Requirement:
In your copy, include no images and return each entry exactly as written.

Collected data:
------------------------------------------------------------------------

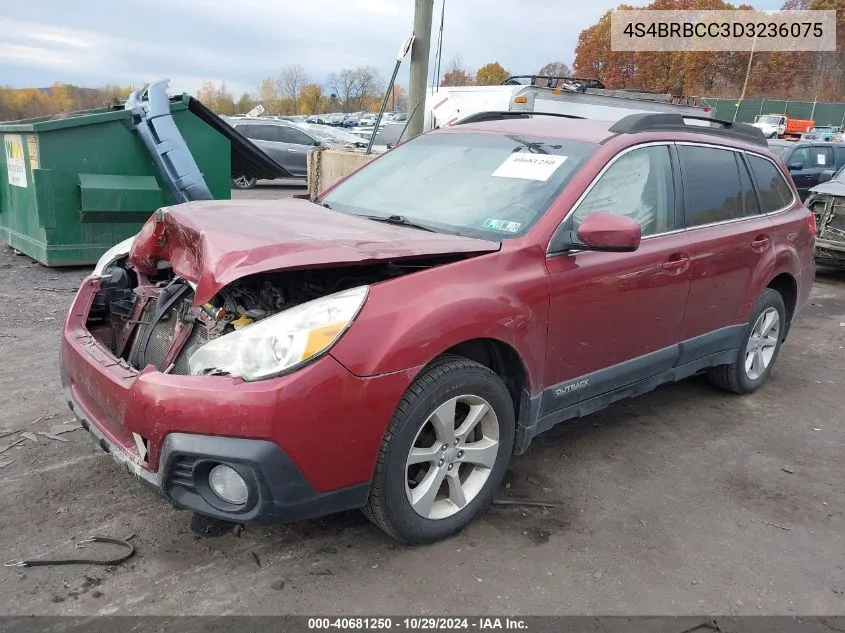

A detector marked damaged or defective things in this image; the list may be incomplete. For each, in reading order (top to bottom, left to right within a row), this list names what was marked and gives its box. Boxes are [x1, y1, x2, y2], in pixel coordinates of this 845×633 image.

crumpled hood [131, 199, 498, 304]
damaged front end [804, 186, 844, 268]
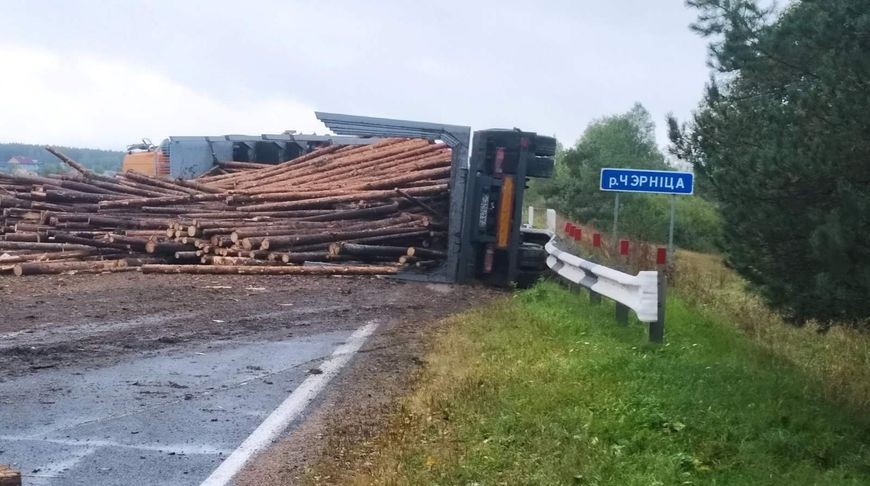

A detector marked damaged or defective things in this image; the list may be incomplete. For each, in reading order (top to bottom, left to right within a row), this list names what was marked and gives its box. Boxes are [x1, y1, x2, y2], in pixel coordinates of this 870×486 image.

overturned logging truck [0, 113, 556, 284]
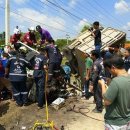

------------------------------------------------------------------------

Solution for this exercise:
A detector marked damaged or defective things in this image; the list may be incomplete. For each, in reading order (top to bottom, left to right within a row), this list names what was marked and gives its box. Boxes are [x1, y1, x2, y2], in pixel coordinates of this 845×633 image.

crumpled hood [131, 199, 498, 304]
damaged front end [804, 186, 844, 268]

A detector marked damaged or defective things in this image; the list may be incomplete. For each, in reading order (top to bottom, left to right within a row), this list names what was marked and gives its box. Boxes are [x1, y1, x2, y2], in pixel coordinates of this 870×486 image.

overturned logging truck [0, 113, 556, 284]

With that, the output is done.